As technology in self-driving cars become greater, Volvo recently announced that they will accept full responsibility should one of their autonomous vehicles crash. This statement comes after Volvo President and CEO Hakan Samuelsson, delivered a speech during a seminar about self-driving cars at the House of Sweden in Washington DC.
During his talk, Samuelsson stated that the US market is currently the 'most progressive country in the world in autonomous driving'. However, the US is also in danger of losing its status as Samuelsson also claimed that the country lacks a national framework for regulating and testing autonomous vehicles.

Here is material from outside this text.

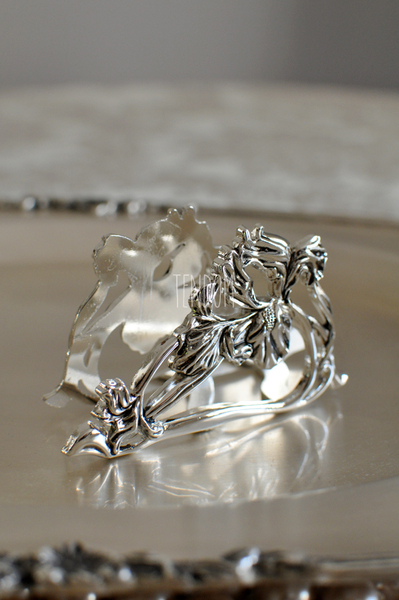 Iris posrebrzany serwetnik wym.6x9x3.5cm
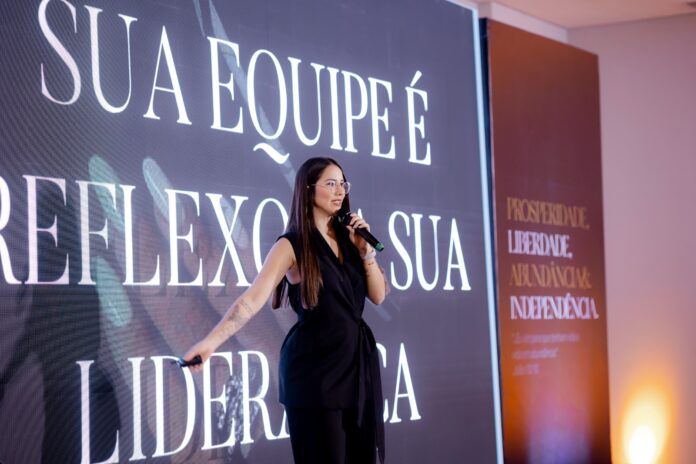 Lara Andrade, proprietária do Studio Andrade, cliente da Belasis, empresa especializada em soluções de gestão para negócios do setor de beleza.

“The US risks losing its leading position due to the lack of Federal guidelines for the testing and certification of autonomous vehicles. Europe has suffered to some extent by having a patchwork of rules and regulations. It would be a shame if the US took a similar path to Europe in this crucial area,” said Samuelsson.
The President and CEO added that the absence of such rules and regulations means running the risk of having car makers not follow a unified set of guidelines for all 50 states.
Aside from making a statement about regulating autonomous vehicle production, Samuelsson also announced that Volvo regards hacking a vehicle's onboard system as a criminal offense.
“We are constantly evolving defensive software to counter the risks associated with hacking a car. We do not blame Apple, or Microsoft for computer viruses or hackers,” added Samuelsson.
Just last week, Volvo revealed its 'safe and seamless' autonomous driving interface called 'Intellisafe Auto Pilot'. Described by Volvo as one of the industry's most advanced and easy-to use interface, the system itself can notify the driver of a route where autonomous driving is possible.
Before entering mainstream production, Volvo will test the system in 100 XC90 prototypes which is part of the company's Drive Me project which will start in 2017.